▸ **Work instructions**
Please repeat, exactly and without pictures, the lines of the entries below that run from the one containing "And as you have" through the one containing "Hello, in this".

[Saved data entries]
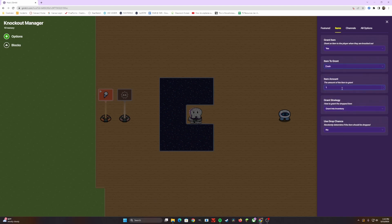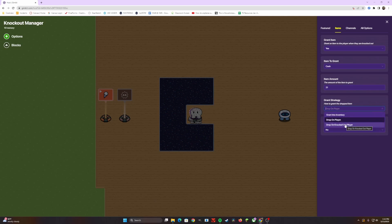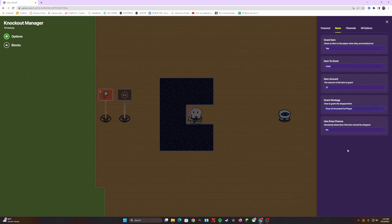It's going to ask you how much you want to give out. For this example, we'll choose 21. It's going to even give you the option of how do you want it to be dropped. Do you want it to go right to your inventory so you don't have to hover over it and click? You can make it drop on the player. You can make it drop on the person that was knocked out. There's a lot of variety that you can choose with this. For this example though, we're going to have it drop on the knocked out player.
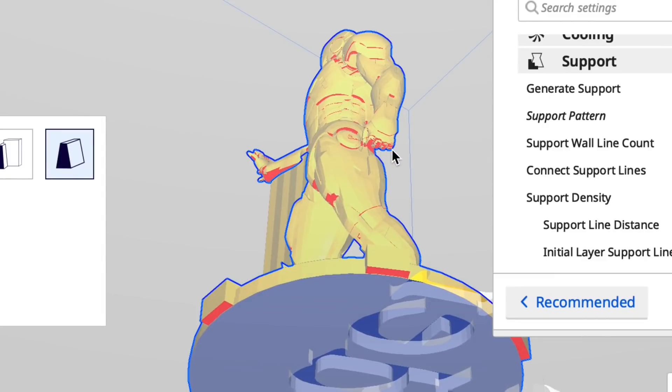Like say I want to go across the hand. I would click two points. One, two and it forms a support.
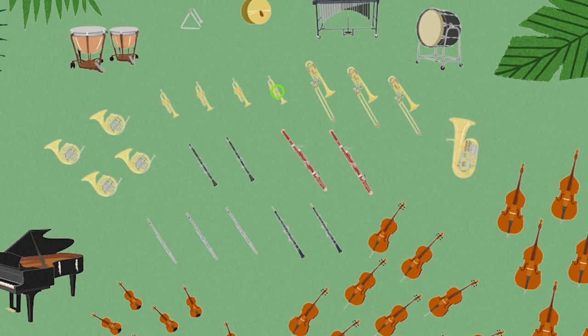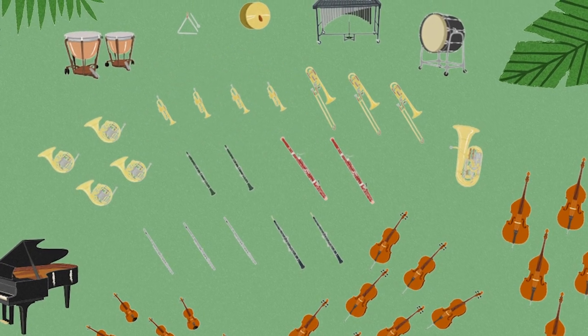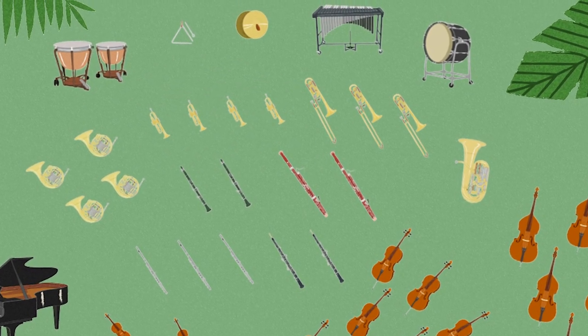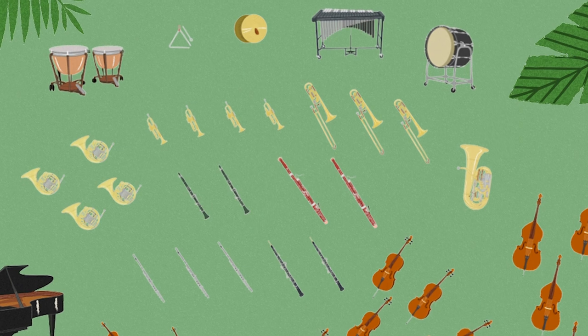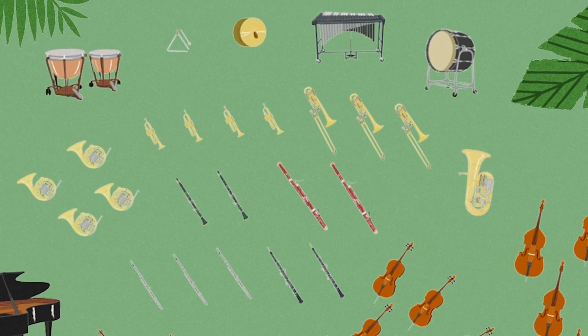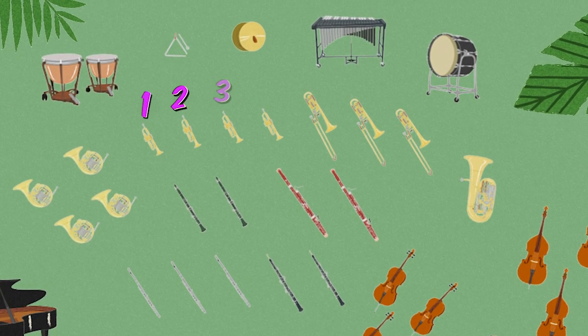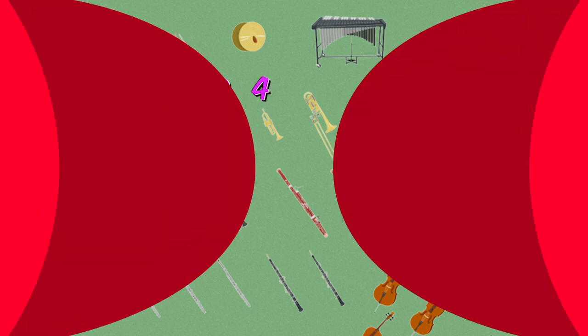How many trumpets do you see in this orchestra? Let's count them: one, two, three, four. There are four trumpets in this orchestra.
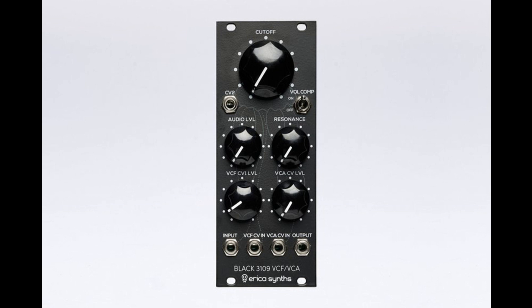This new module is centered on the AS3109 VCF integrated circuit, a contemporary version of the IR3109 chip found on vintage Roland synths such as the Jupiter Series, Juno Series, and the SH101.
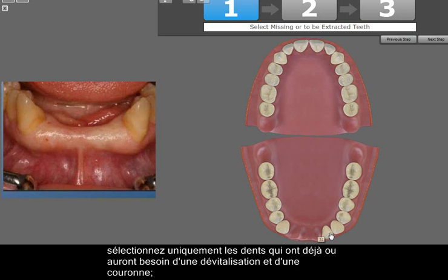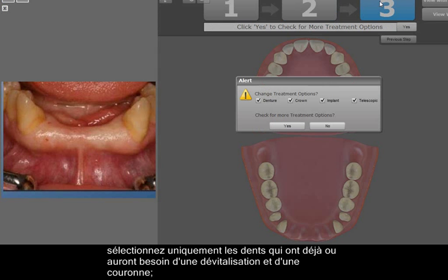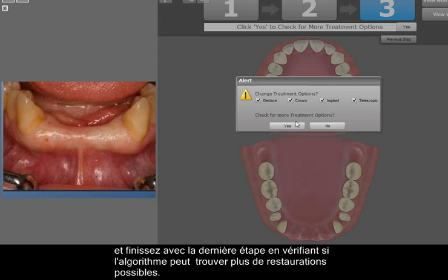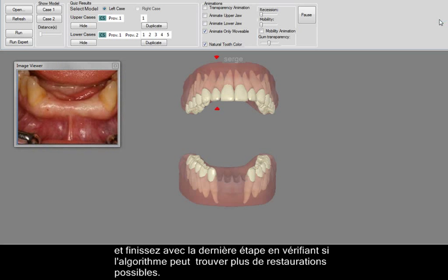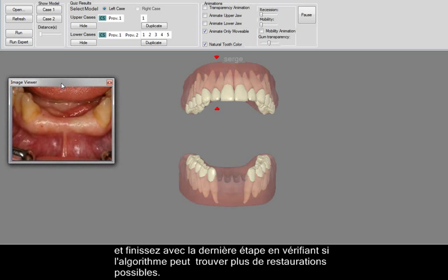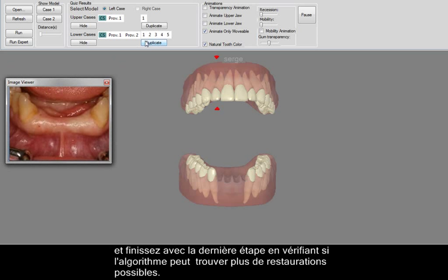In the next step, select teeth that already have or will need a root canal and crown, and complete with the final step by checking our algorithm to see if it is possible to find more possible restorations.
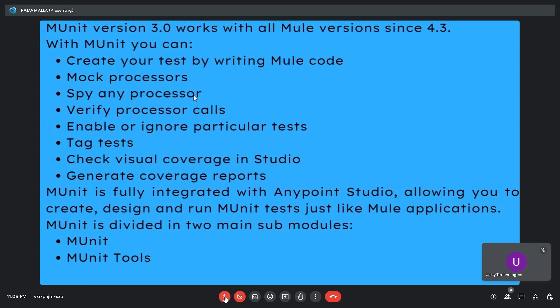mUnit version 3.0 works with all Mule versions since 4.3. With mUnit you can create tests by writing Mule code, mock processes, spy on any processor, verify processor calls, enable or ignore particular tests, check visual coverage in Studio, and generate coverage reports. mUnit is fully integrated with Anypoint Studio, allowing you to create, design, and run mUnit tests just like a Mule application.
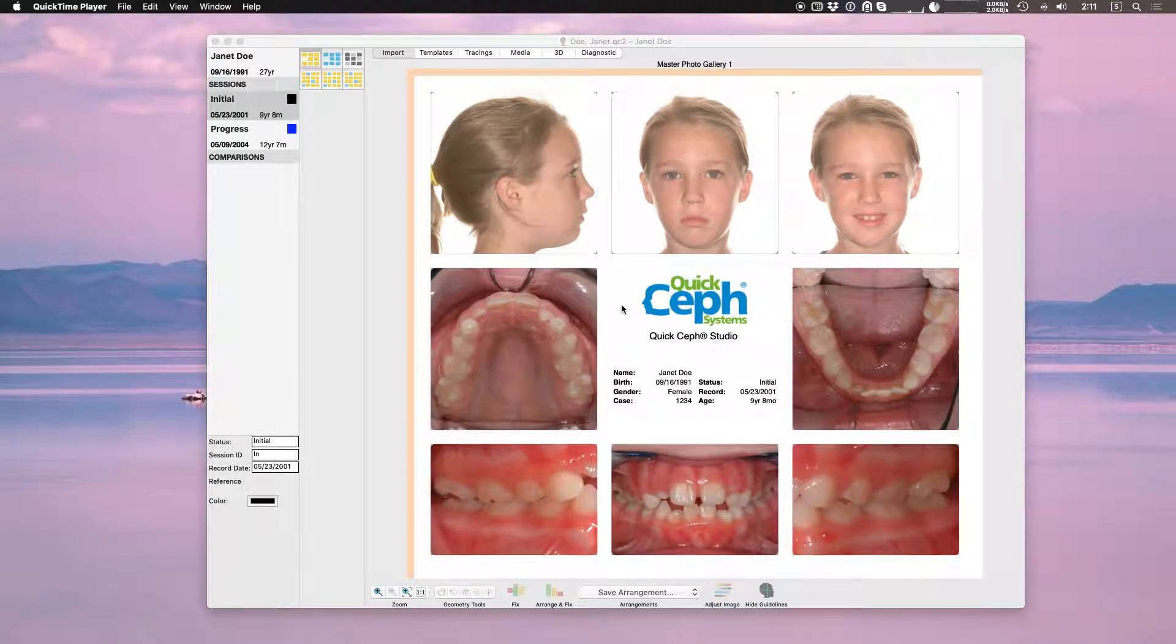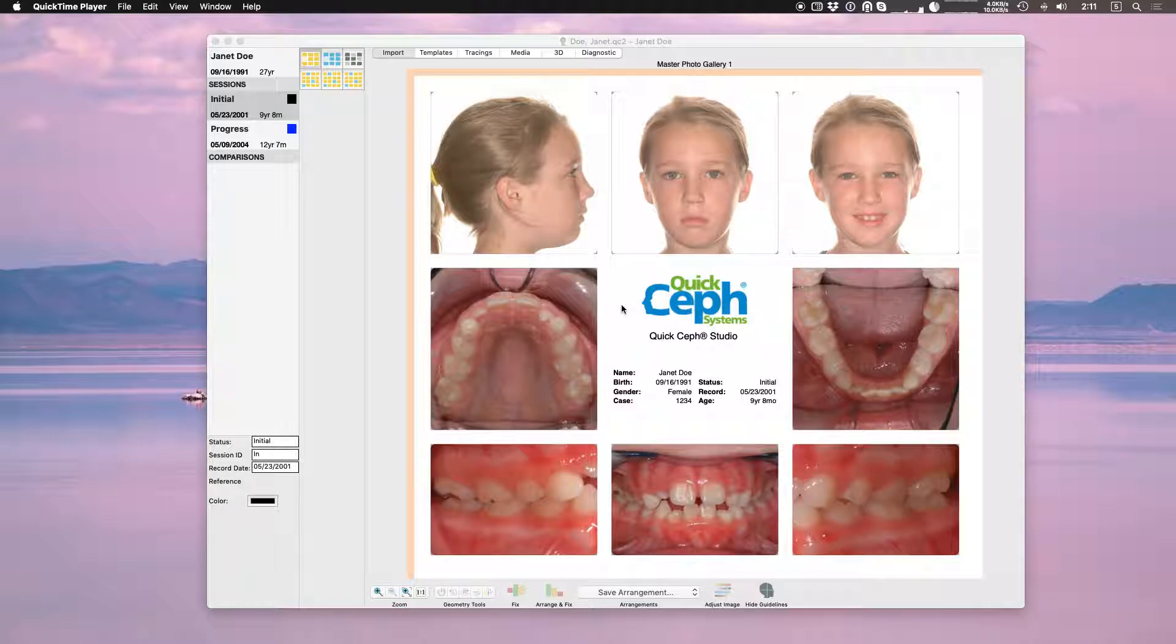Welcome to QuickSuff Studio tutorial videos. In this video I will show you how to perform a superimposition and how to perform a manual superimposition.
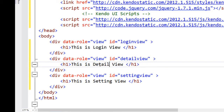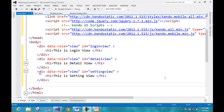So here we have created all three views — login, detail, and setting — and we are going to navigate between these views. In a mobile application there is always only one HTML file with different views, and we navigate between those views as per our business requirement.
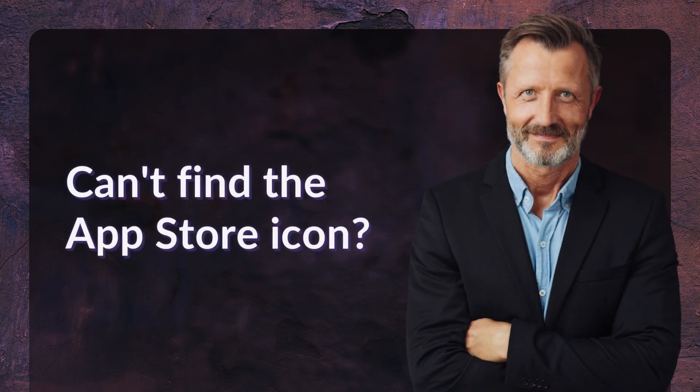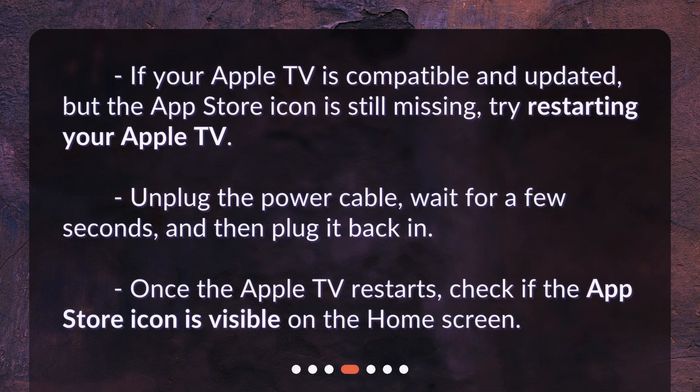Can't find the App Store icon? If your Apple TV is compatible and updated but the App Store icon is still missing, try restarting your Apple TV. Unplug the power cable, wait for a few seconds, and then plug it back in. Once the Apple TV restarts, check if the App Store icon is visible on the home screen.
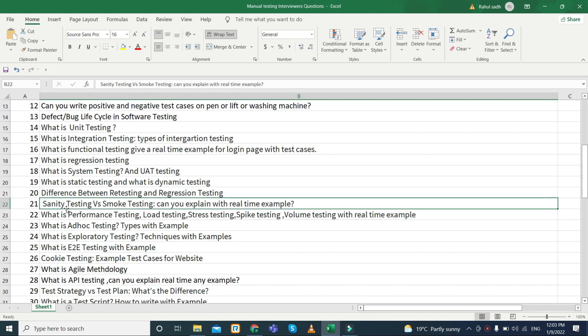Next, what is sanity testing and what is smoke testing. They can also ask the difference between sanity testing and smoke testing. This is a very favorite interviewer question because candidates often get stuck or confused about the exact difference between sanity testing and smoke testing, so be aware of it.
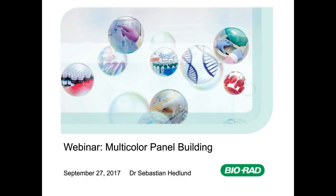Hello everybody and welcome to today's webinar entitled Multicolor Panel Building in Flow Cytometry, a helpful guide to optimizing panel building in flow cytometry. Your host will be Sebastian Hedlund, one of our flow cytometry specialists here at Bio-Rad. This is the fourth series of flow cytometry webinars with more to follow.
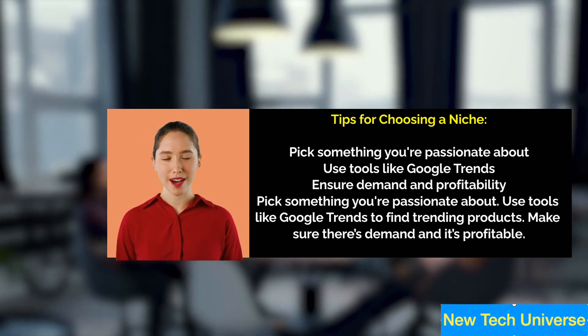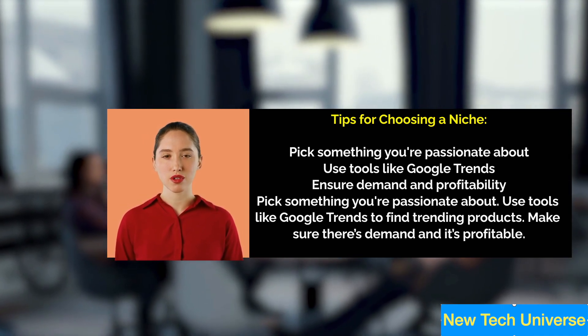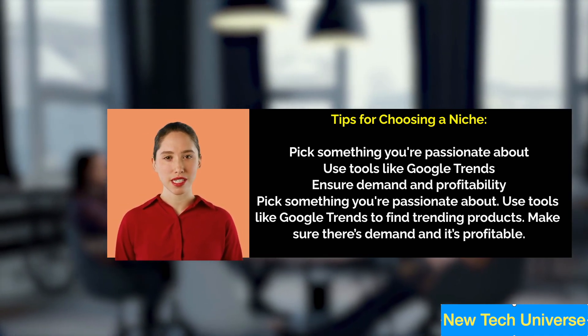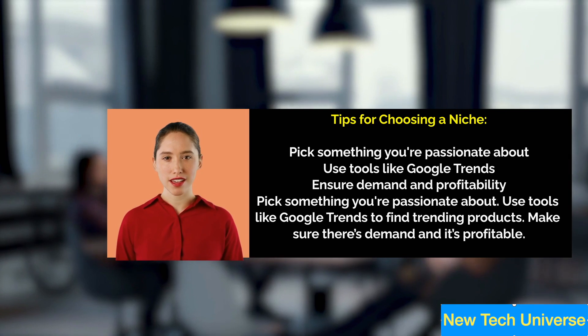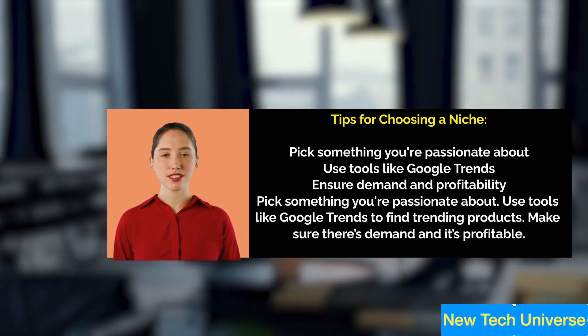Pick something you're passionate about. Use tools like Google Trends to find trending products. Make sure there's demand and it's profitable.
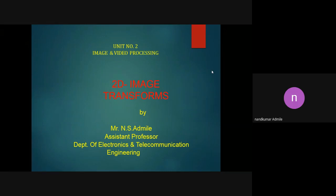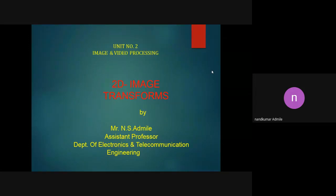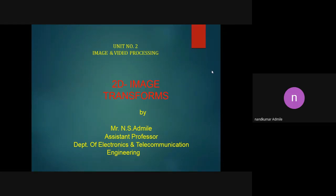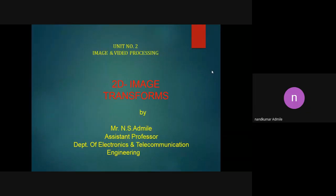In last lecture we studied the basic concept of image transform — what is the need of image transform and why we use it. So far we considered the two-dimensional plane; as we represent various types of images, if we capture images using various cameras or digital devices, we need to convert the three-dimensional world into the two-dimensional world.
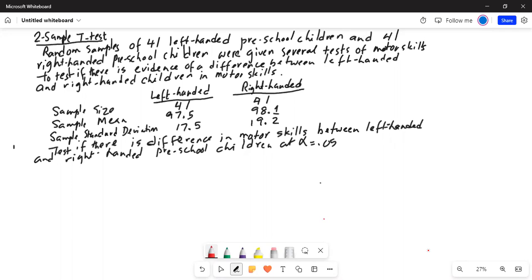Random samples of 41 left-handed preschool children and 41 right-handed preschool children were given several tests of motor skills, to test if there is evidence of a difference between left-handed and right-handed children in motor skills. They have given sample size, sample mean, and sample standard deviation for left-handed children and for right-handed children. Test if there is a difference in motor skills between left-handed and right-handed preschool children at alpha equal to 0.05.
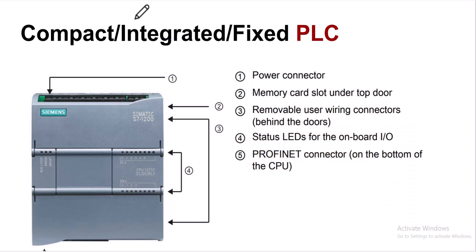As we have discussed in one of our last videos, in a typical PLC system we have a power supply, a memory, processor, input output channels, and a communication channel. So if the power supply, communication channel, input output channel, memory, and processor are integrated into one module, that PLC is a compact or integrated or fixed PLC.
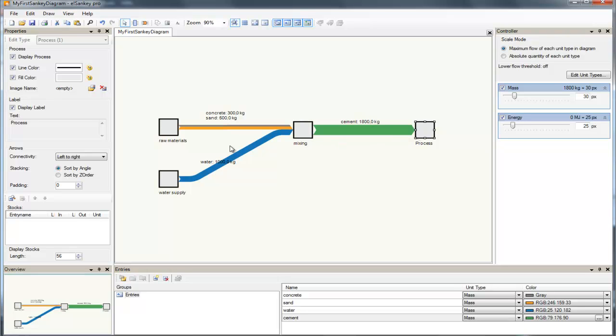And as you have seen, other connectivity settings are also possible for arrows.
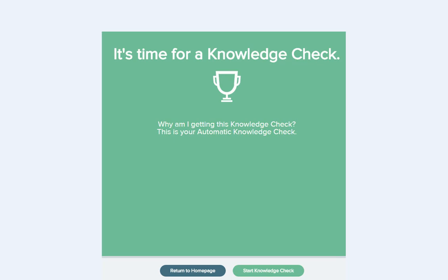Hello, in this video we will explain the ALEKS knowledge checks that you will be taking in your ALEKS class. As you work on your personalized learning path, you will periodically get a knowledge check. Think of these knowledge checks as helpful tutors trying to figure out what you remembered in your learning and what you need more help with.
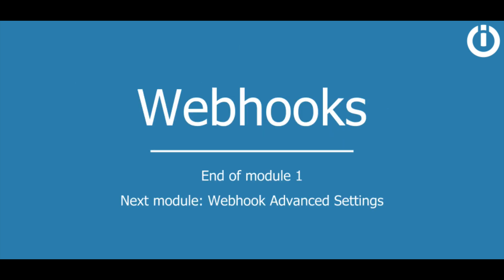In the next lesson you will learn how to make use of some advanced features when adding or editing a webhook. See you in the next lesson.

▸ **Response for this exercise**
And as you have seen, other connectivity settings are also possible for arrows.
Hello, in this video we will explain the ALEKS knowledge checks that you will be taking in your ALEKS class. As you work on your personalized learning path, you will periodically get a knowledge check. Think of these knowledge checks as helpful tutors trying to figure out what you remembered in your learning and what you need more help with.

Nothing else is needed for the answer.